According to psychologist JoAnn Deak, there are a whole host of reasons why girls are likely to do better in single sex schooling (for a detailed explanation, see this post) and boys to thrive in co-ed schooling. The presence of boys during the tumultuous years of puberty pits hormones and emotion against the longer term, frankly more boring goals of intellectual achievement. Our culture nudges them quite clearly towards the former.

But even in girls’ only schools, girls tend to dumb down in their self-presentation. It’s easy to dismiss this as a harmless stage they are going through, or a normal part of development. I don’t believe it’s harmless or normal. I think that when we ignore our daughters’ efforts to hide their intelligence behind their looks, we are tacitly telling them it’s OK. And our culture is full of too many examples of girls who made poor choices for themselves from this position of insecurity and low self-esteem. Poor choices that could affect the people they date, the friends they choose, the schooling and career choices they make for themselves. Choices that can have long-term consequences.

So what can parents do, short of open conflict? There are plenty of options.

Love your daughter for who she is, underneath all that hair product and lip gloss.  Save your most effusive compliments and encouragement for the things she does with her mind and her good nature, not for her beauty. The little girls who grow up being told they were pretty princesses quickly learn what society appreciates. It’s not too late to change the kind of feedback you give her every day.

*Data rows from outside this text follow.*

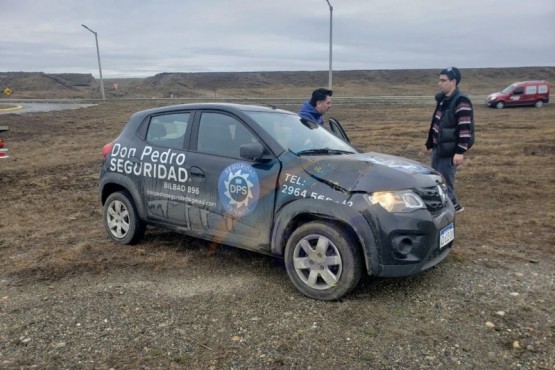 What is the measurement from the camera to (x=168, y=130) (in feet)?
17.0

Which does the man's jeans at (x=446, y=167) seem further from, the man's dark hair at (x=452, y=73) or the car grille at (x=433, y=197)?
the car grille at (x=433, y=197)

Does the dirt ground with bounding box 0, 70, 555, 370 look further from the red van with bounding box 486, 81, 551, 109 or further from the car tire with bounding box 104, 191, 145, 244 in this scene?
the red van with bounding box 486, 81, 551, 109

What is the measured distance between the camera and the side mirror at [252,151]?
4211mm

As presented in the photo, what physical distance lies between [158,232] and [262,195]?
7.72 feet

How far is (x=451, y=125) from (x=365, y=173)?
8.66 ft

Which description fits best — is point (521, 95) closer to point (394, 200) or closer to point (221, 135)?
point (221, 135)

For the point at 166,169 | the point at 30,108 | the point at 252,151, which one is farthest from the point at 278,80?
the point at 252,151

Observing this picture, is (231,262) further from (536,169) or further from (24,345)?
(536,169)

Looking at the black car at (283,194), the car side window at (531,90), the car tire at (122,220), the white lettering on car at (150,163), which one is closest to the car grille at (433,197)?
the black car at (283,194)

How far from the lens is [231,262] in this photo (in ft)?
16.4

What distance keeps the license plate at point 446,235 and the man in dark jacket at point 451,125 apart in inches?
70.1

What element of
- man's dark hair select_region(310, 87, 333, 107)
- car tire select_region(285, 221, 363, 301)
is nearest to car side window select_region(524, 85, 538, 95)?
man's dark hair select_region(310, 87, 333, 107)

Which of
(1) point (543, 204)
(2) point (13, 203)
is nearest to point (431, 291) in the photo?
(1) point (543, 204)

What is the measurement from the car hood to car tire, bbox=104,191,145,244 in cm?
225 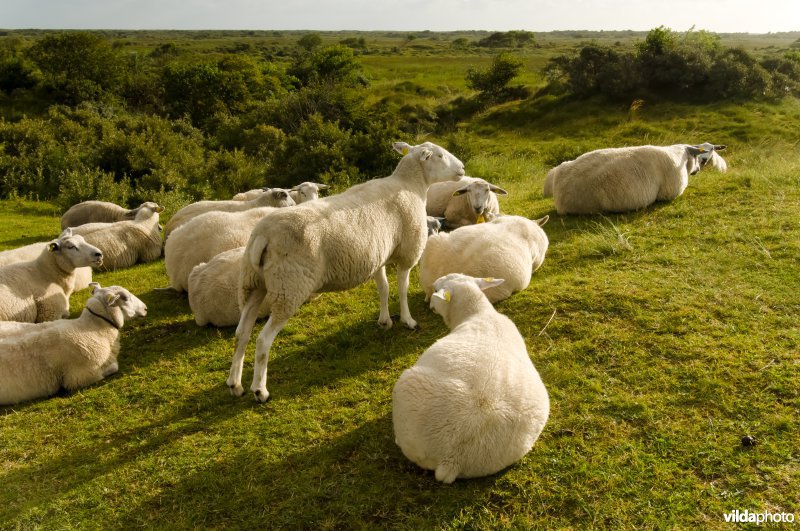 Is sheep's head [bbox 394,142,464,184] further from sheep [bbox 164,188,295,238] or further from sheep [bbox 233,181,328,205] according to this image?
sheep [bbox 164,188,295,238]

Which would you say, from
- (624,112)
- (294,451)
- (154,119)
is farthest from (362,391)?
(624,112)

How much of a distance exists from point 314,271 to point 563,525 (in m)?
2.86

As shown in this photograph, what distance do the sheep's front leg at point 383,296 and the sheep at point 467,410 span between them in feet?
7.15

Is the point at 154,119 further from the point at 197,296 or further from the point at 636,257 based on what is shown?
the point at 636,257

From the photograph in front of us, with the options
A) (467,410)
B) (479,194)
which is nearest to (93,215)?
(479,194)

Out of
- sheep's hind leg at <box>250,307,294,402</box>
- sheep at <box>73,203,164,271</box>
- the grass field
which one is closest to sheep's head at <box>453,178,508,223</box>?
the grass field

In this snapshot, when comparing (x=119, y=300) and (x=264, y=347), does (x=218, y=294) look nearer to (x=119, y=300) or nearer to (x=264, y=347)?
(x=119, y=300)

Be clear about your values — and then stick to them. In our house, I don’t believe in tight, super short shorts, lots of makeup or see-through shirts on tweens and young teens. I know it’s fun for them to dress up like women, but I have two main concerns: on the one hand, they are not capable of handling the response they may get from others when they dress in overtly sexual ways; on the other, I believe that when parents let it slide, they are communicating tacit approval, which encourages and perpetuates this  dumbing down. They can still enjoy dressing up to look good — who doesn’t enjoy that? — but not at the expense of their self-esteem.

Gently encourage non-traditional activities.  Take your daughter cycling. Let her  help you fix the dishwasher. Watch a TV show about something scientific or historical or cultural. Challenge her to learn something new and different. Girls. Inc and Spark Summit have got some excellent ideas. This is a really nice way for girls to spend time with their dads (which we also know is strongly correlated with higher self-esteem in girls). Moms should be careful to balance time with their daughters to include things other than shopping or manicures. Talk about what you do at work. Keep exposing them to new ideas and activities, even when the eyes roll. They will appreciate this.

Seek out opportunities for her to be with other girls (or girls and boys) in communities and activities where she can do what she likes. There are lots of teams, clubs, community service initiatives and spaces where she can reinvent herself with a different social group.

Keep talking to each other. Discuss gender stereotypes on her favourite TV show. Start a conversation (not a rant) about the lyrics of a song on the radio. these should be dialogues, not lectures, but they should open the door to critical thinking about the ways women and girls are represented. The goal isn’t to teach a lesson or come to an agreement every time, but to open the door to other ways of seeing things.

Challenge her to reclaim her brain. Don’t giggle or smile indulgently at her flakiness. Don’t let her get away with saying “I don’t know” or ignoring her homework or choosing the easier math class because it fits into her schedule better. Don’t cancel that National Geographic subscription in favour of People Magazine. In order to raise an intelligent critical thinker, you must never let her think it’s charming or attractive to pretend to be otherwise. There’s a middle ground of course – you don’t need to turn your house into the Smithsonian and pretend you aren’t watching Grey’s Anatomy — but you should be vigilant not to let the smart stuff drift away.